Accusations that Campbell had withheld or destroyed documents filed with the court first surfaced in Monroe businessman Stanley R. Palowsky III's lawsuit against his former business partner, W. Brandon Cork, in a lawsuit surrounding Alternative Environmental Solutions Inc., an environmental cleanup company they co-owned. That lawsuit and other revelations led to Palowsky's lawsuit in district court against Campbell and five judges — Fred Amman, Ben Jones, Wilson Rambo, Carl Sharp and Stephens Winters. The law clerk and judges, except Winters, also are defendants in a federal lawsuit pursued by Fourth Judicial District Court Judge Sharon Marchman, who claims the law clerk, judges and their attorneys retaliated against her when she tried to expose the law clerk's alleged wrongdoing and a conspiracy to cover it up.

Allegations in Palowsky's court filings as well as documents in the State Police investigative report revealed other complaints about Campbell destroying court documents or mishandling them as far back as 2010. In another instance, the State Police investigator noted Campbell had handled and distributed an undated and unsigned judge's ruling among district court judges.

Missing files in Palowsky v. Cork

In late 2014, Palowsky's attorneys, Sedric Banks of Monroe and Joe Ward of Covington, filed a motion to recuse Rambo from Palowsky v. Cork, claiming the judge had exhibited bias in favor of the defendants. Palowsky's claim that Rambo had shown bias was based on information the businessman's attorneys had gathered concerning Campbell.

“Meanwhile, information surfaced of Judge Rambo’s law clerk (Campbell) withholding and shredding court documents and causing delays in the present litigation,” stated Palowsky's motion to recuse Rambo from Palowsky v. Cork.

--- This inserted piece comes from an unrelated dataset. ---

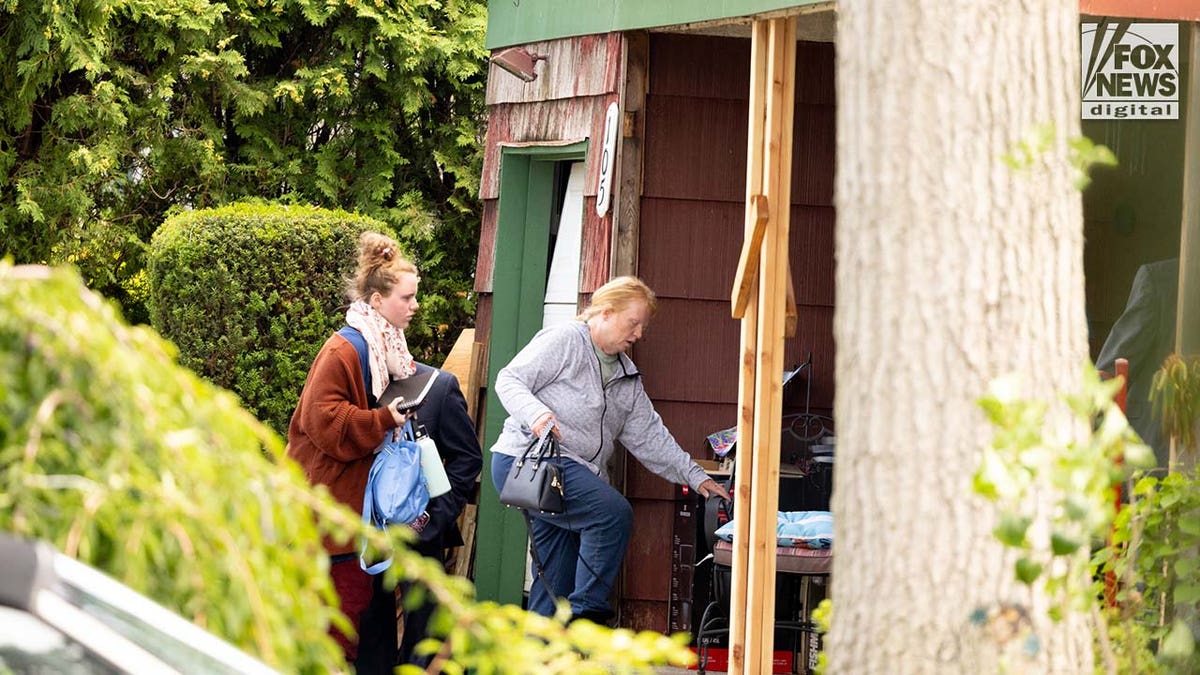 Asa Ellerup and Victoria Heuermann enter their home in Long Island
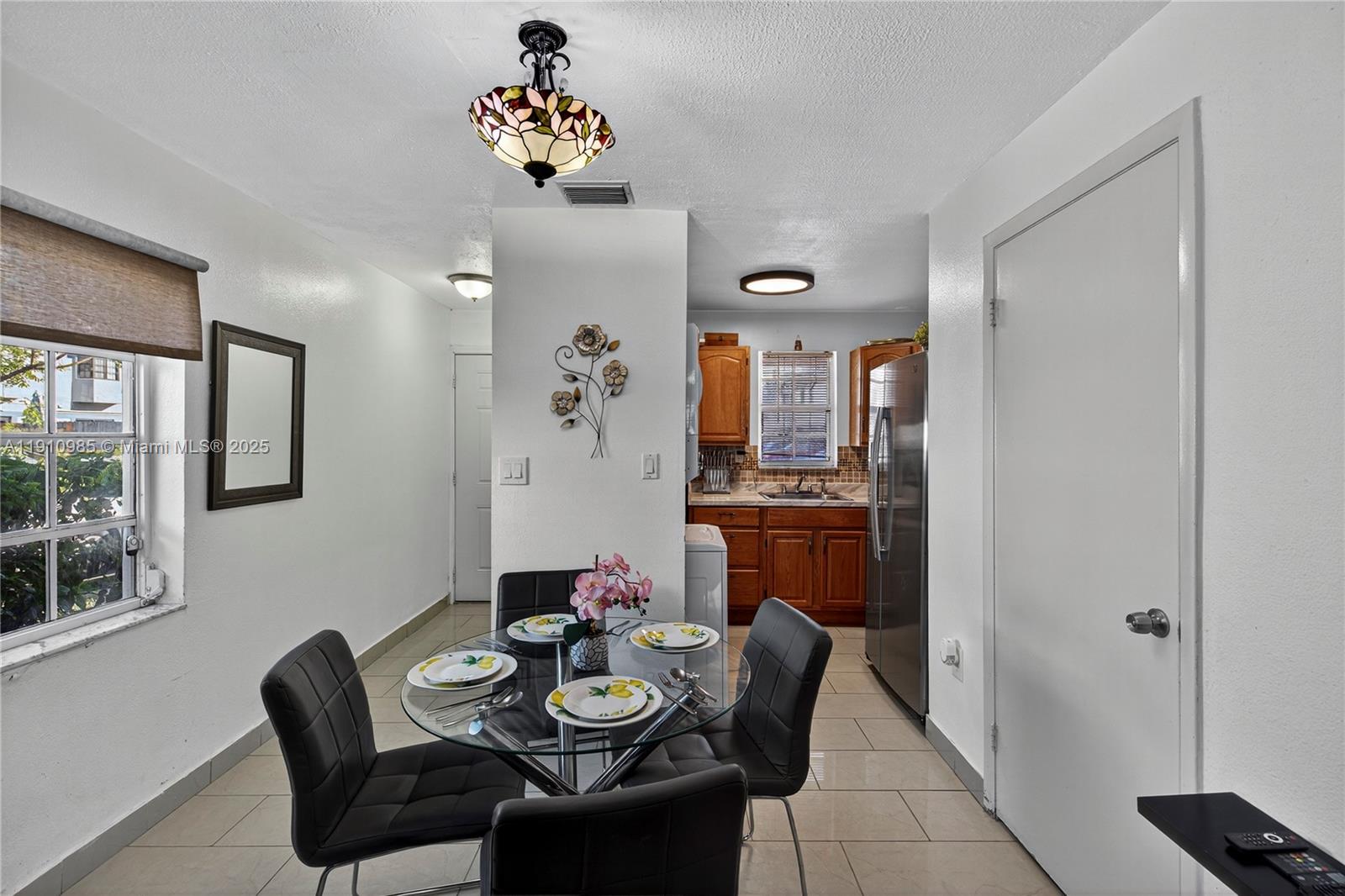 12045 Southwest 18th Street, Unit 142 Miami, FL 33175 - Photo 5 of 18 a dining room with furniture a rug and wooden floor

Palowsky and Banks told investigators they had filed a complaint about Campbell with the judges' office in August 2014 after finding a number of their pleadings and other documents missing from the court record though Cork's documents remained in the record, even memoranda filed in response to Palowsky's missing filings.

“They had gone to the Clerk of Court's office and found several documents that they had filed were not in the file,” stated Huey's State Police report.

According to Palowsky's July 2015 lawsuit against Campbell in Fourth Judicial District Court, a number of documents and pleadings were “maliciously withheld and concealed” by Campbell in Palowsky v. Cork.

The seven documents and attached exhibits included AESI's opposition to W. Brandon Cork's Motion to Strike Answer filed Jan. 13, 2014.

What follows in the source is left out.